Performance Tips: String.Split
String.Split methods are provided in .Net as a convenient way of dividing string into parts. Here are two basic forms of String.Split methods:
public string[] Split(char[] separator, int count, StringSplitOptions options);
public string[] Split(string[] separator, int count, StringSplitOptions options);
Also String.Split methods are quite easy to use, there are hidde performance issues you should be aware of if you use them a lot:
- The first parameter is an array of characters, or array of strings. If the same seperators are used over and over again, do not recreate the seperator array in each call; create once and reuse them.
- The second paramter is maximum number of segments to return. If your scenario, pass-in the right value will limit the amount of work Split has to do.
- If you do not want empty items, use StringSplitOptions.RemoveEmptyEntries so they do not need to be stored.
- String.Split allocates internal workspace according to the length of the string, beware that this can create lots of garbage for long strings. Avoiding calling String.Split for really long strings.
- If there is a high chance of the seperators not present in the string at all, check for this condition and handle seperately before calling String.Split.

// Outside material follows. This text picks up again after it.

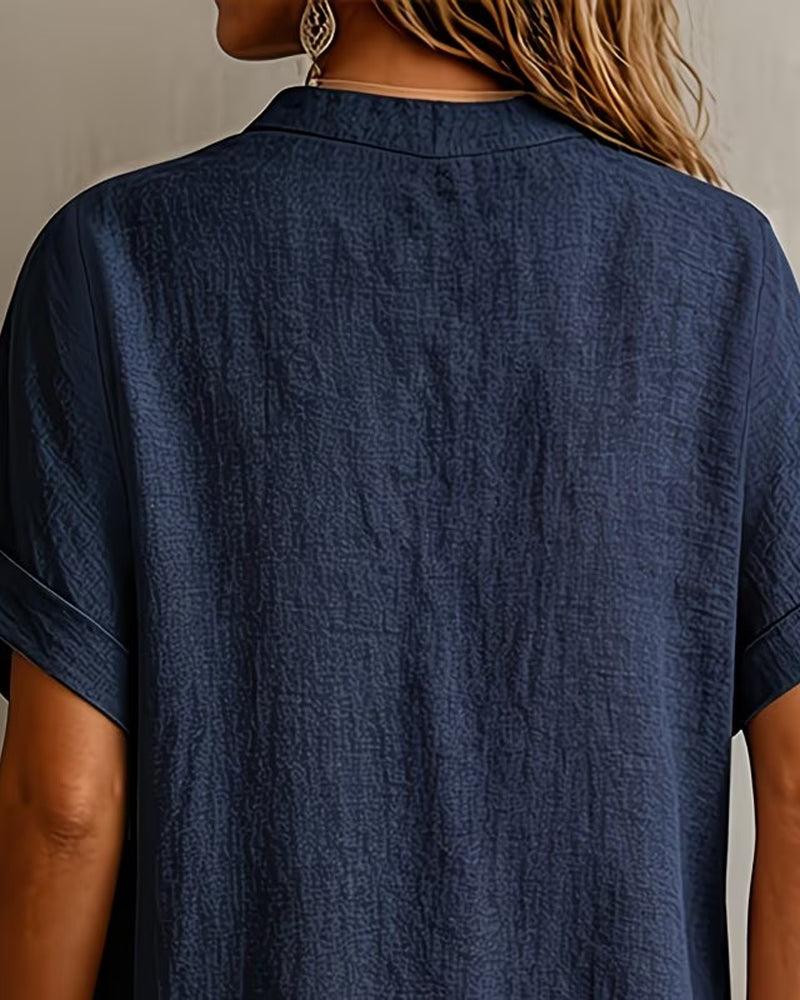 Blusa con cuello en V, manga corta y corte holgado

- As String.Split returns all the strings through the string array, they will be held in memory until there is no reference to the array. Try to limit this duration, otherwise more strings will be promoted to Generation 1 or Generation 2. It will be a good idea to null references to processed strings in the array.t
- If you're using String.Split to process a large file or stream, there will be lots of duplicated strings. Try not to store those strings directly in your data structure. Instead, convert them to low cost versions, e.g. scalar values; or merge them into unique strings.
- If your data is supposed to be not case sensitive, do not try to call String.ToLower/ToUpper on strings returned from String.Split, use non-case sensitive containers or non-case sensitive comparisons.
- If you suspect String.Split is causing performance issue for your scenarios, measure performance using tools like PerfView.
- If performance is still not optimal after these optimizations, avoid using String.Split or reimplement your own versions.